§ **Data section**:
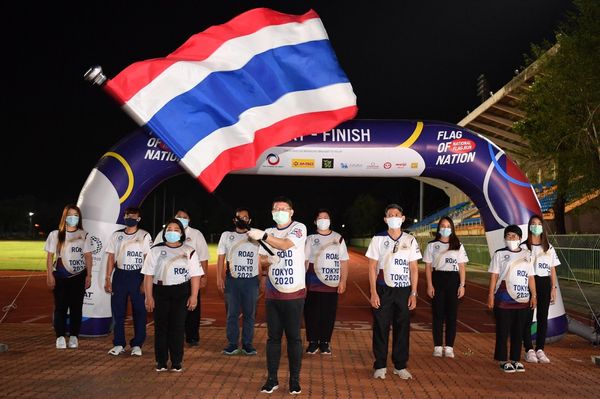 วิ่งธงชาติไทยวันที่ 42 จากอุตรดิตถ์ถึงพิษณุโลก สะสมระยะ 3,212 กม.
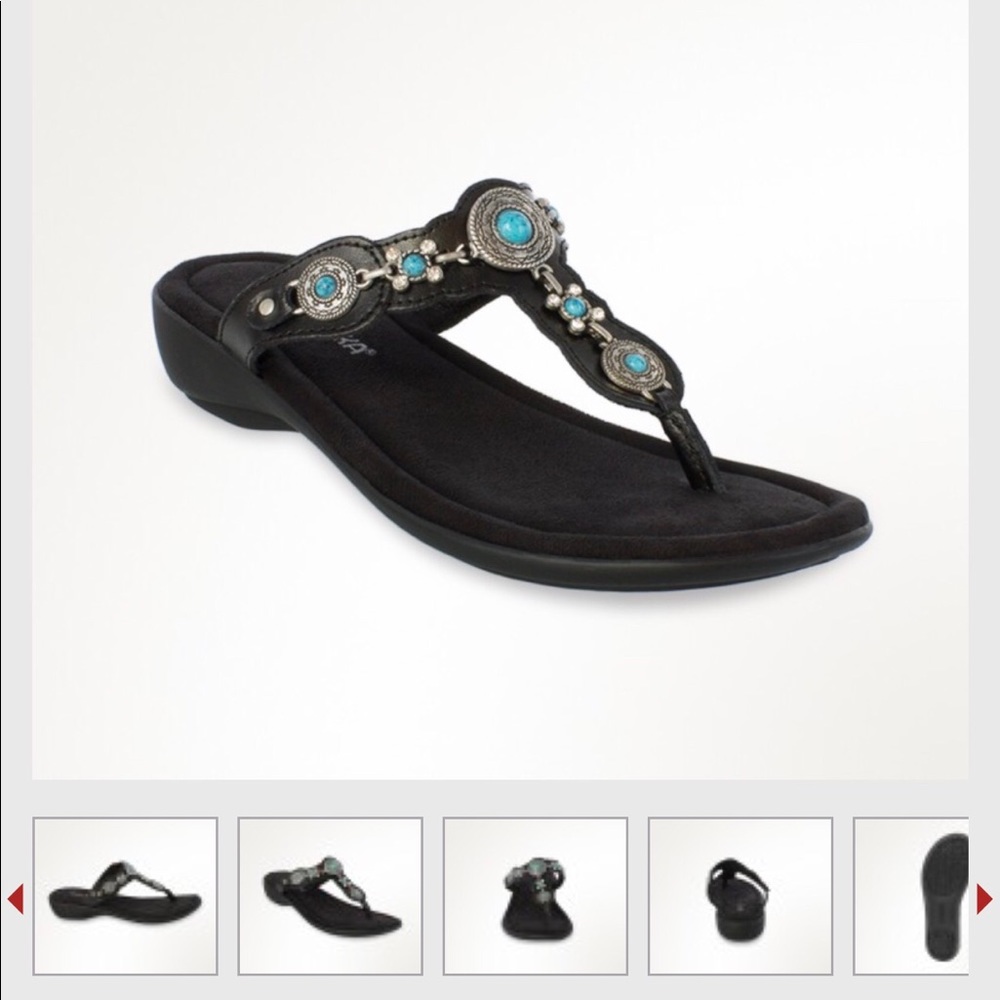 Minnetonka Boca Thong Sandals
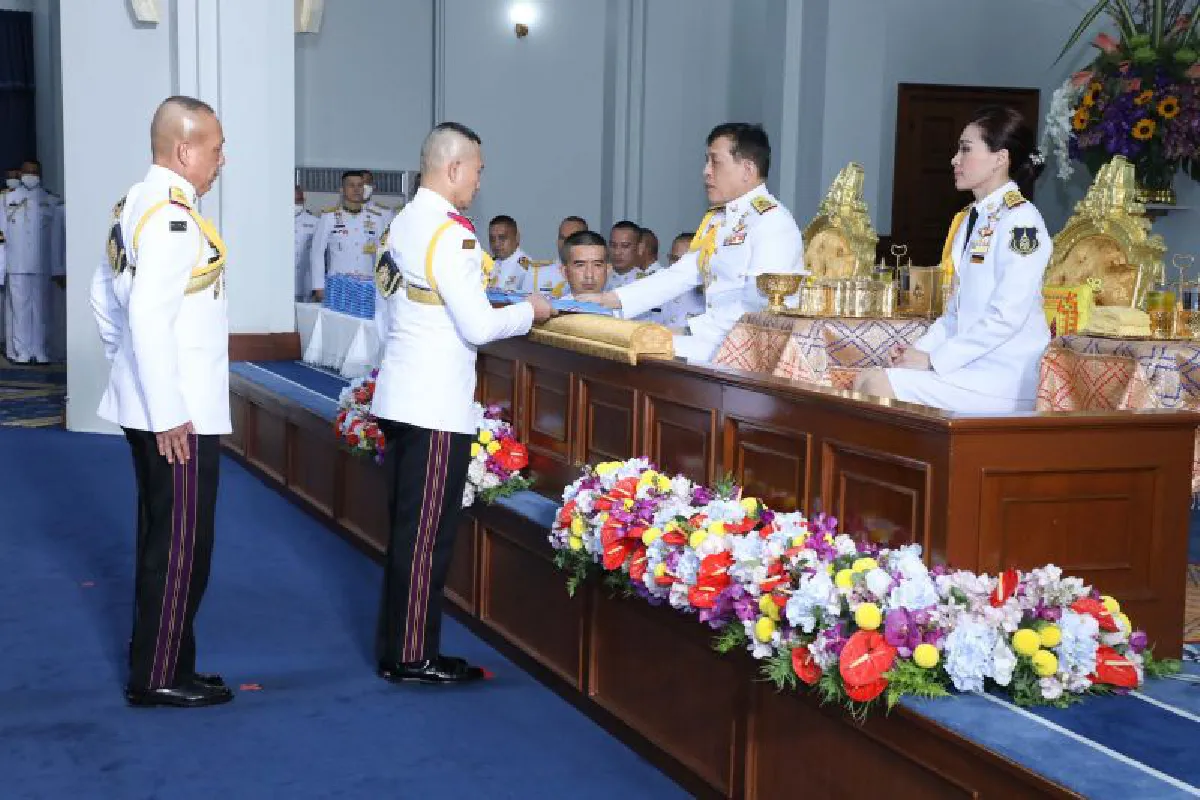 "ในหลวง"พระราชทานปริญาบัตรแก่ผู้สำเร็จการศึกษาสถาบันทางทหาร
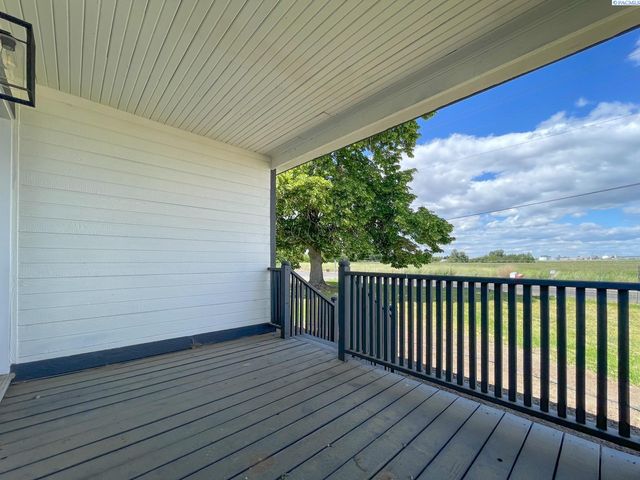 231205 E Lechelt Road, Kennewick, WA 99337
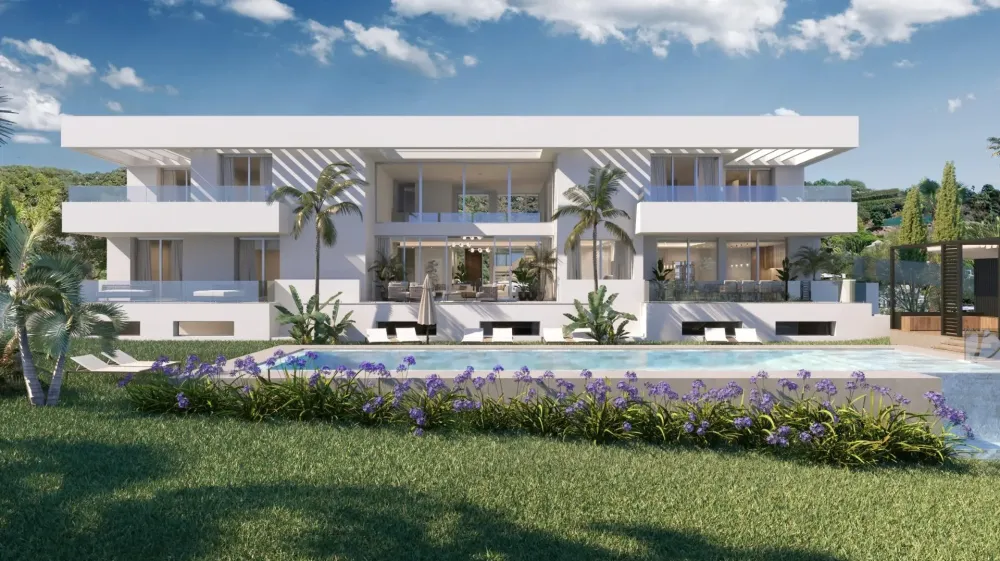Luxueuse maison neuve avec vue sur la mer à El Paraiso Golf, près d'Estepona
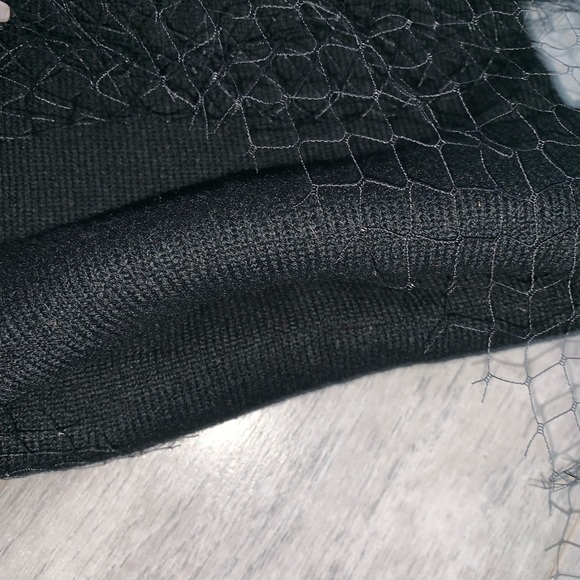 Black beanie hat with birdcage veil - Picture 6 of 6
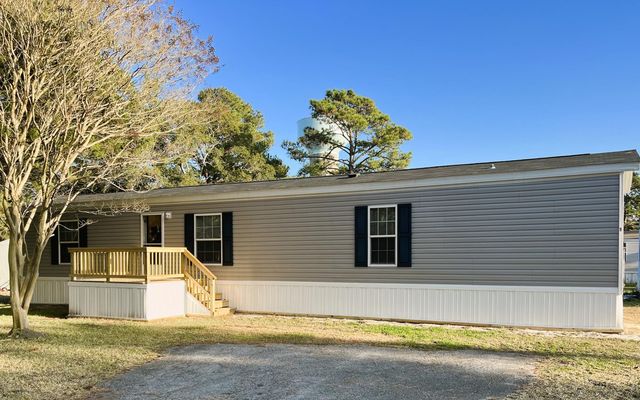 226 Old Airport Rd #9, Newport, NC 28570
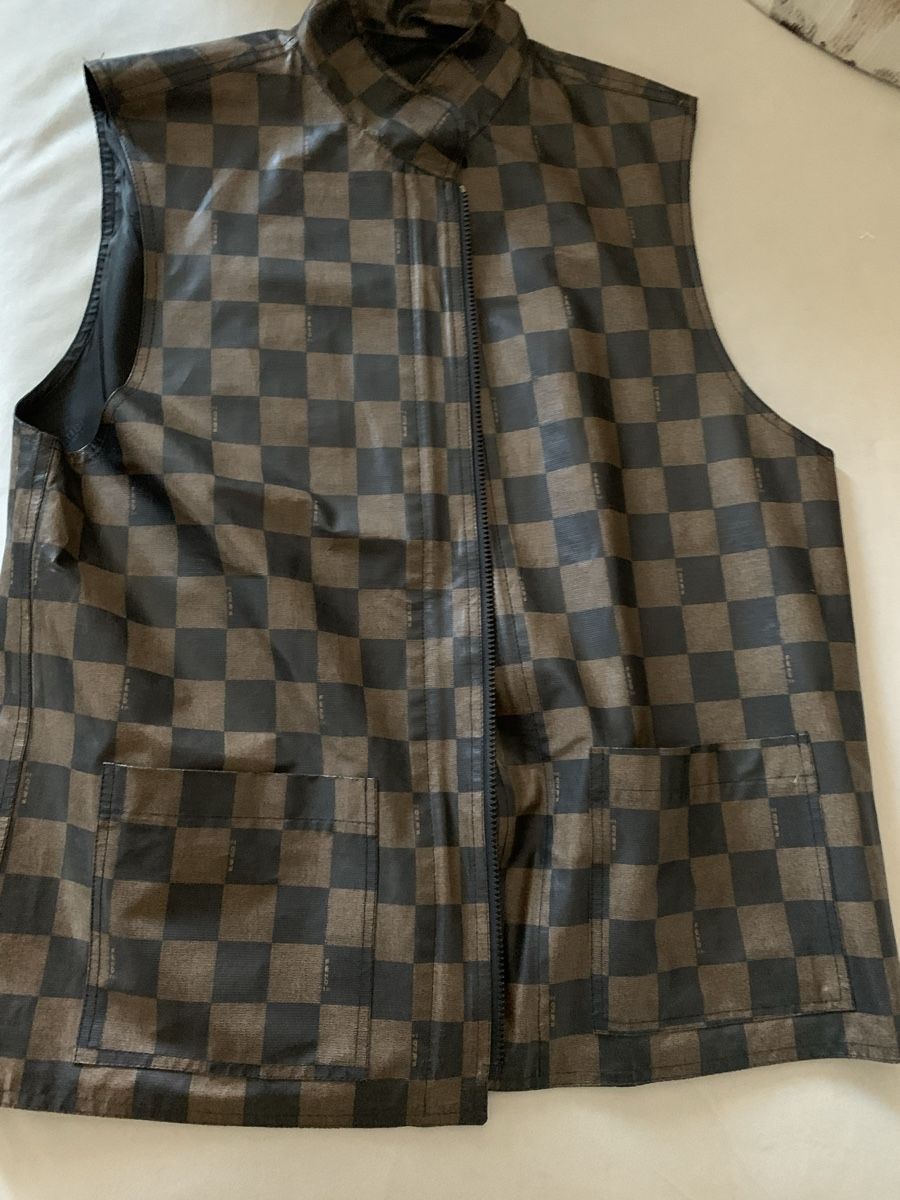 Fendi Gilet & Giacche: Fendi damengilet – Usato da Bergdietikon venduto da zor_856j 1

§ **Exercise**:
Return each line of the material exactly as written; exclude the pictures.

§ **Output for this exercise**:
 วิ่งธงชาติไทยวันที่ 42 จากอุตรดิตถ์ถึงพิษณุโลก สะสมระยะ 3,212 กม.
 Minnetonka Boca Thong Sandals
 "ในหลวง"พระราชทานปริญาบัตรแก่ผู้สำเร็จการศึกษาสถาบันทางทหาร
 231205 E Lechelt Road, Kennewick, WA 99337
Luxueuse maison neuve avec vue sur la mer à El Paraiso Golf, près d'Estepona
 Black beanie hat with birdcage veil - Picture 6 of 6
 226 Old Airport Rd #9, Newport, NC 28570
 Fendi Gilet & Giacche: Fendi damengilet – Usato da Bergdietikon venduto da zor_856j 1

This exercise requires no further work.